When processing a whole batch of messages, there’s a risk that the failure of some messages in the batch can affect the other messages, potentially causing excessive retries, or false-positive failures. This is exacerbated if there’s a “poison pill” message.
When processing in batches, we may need to be more brutal with certain sorts of error.
In three previous projects, I’ve either created, discovered or co-created the following error handling classification:
- Transient error – the error happened this time, but there’s no guarantee that this message will fail next time
- Fatal error – under no circumstances could this message ever be processed
If we have that classification, then we can bin messages that are simply impossible. This can be good for the whole batch they live in, and it can also avoid queues getting stuck owing to broken messages.

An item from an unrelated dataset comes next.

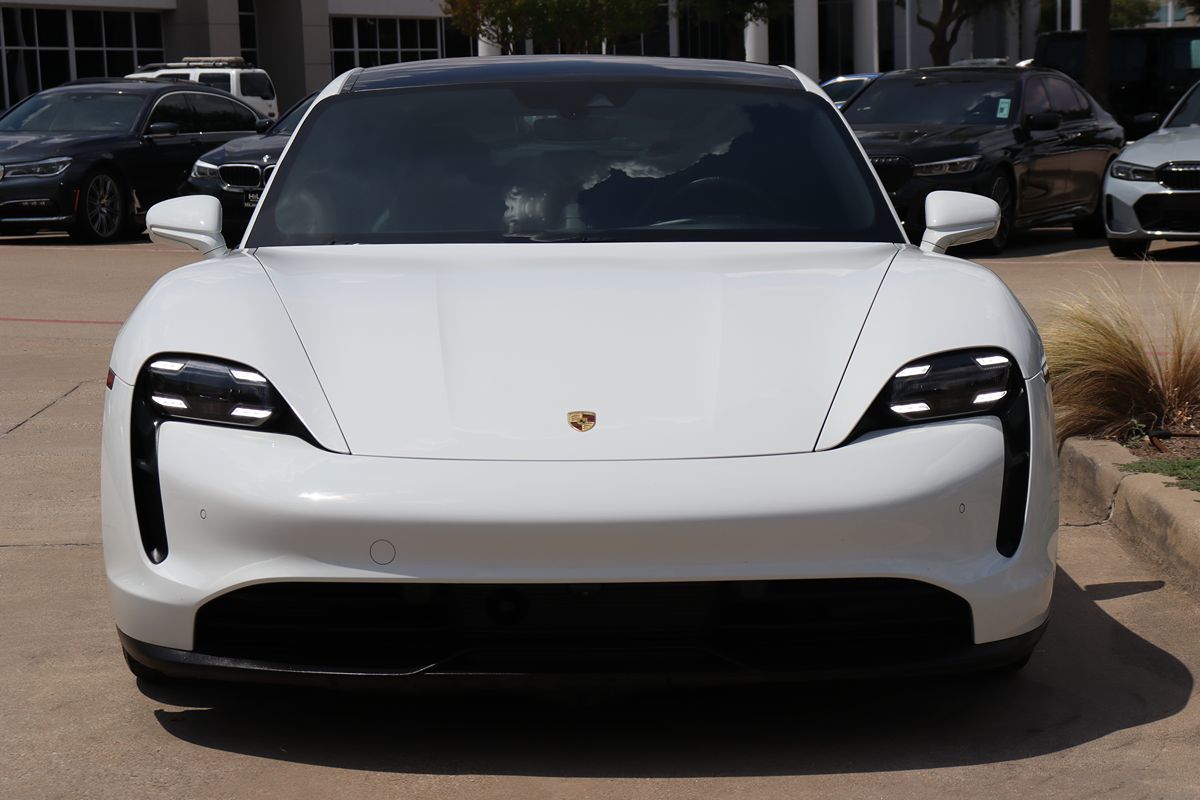 2020 Porsche Taycan 4S photo 2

However, one then must ask – where do messages go when they die?
Dead letter queue and replay
When a message goes wrong, it can either explicitly or automatically be sent to a dead letter queue. What then?
There’s an argument for explicitly sending messages to the dead letter queue, tagged with the error that their reason for either failing “fatally” or for failing through too many retries. In this latter case, we’d allow automatic replay of the message by SQS up to nearly the maximum number of attempts, but then recognise that we’re about to process the last failure of the message and explicitly move it to the dead letter queue, tagged with error metadata, instead of letting SQS do it implicitly.
In the case of manually moving a fatal message to the dead letter queue, we can tag it with the reason.
However, once the message is in the dead letter queue, what do we do with it? We can have alarms showing that this has happened, but where does the message go next?
One option is to build a queue copier.
The queue copier is essentially a replay tool that can take the dead letter messages and reattempt them on the original queue.
Alternatively, we might download from all our dead letter queues and drop the messages into somewhere longterm, like S3. Perhaps we’d also build a mechanism to retransmit the messages to the original queue again.
The problem with a system built around guaranteed delivery is that you start feeling very guilty when some messages just refuse to be processed!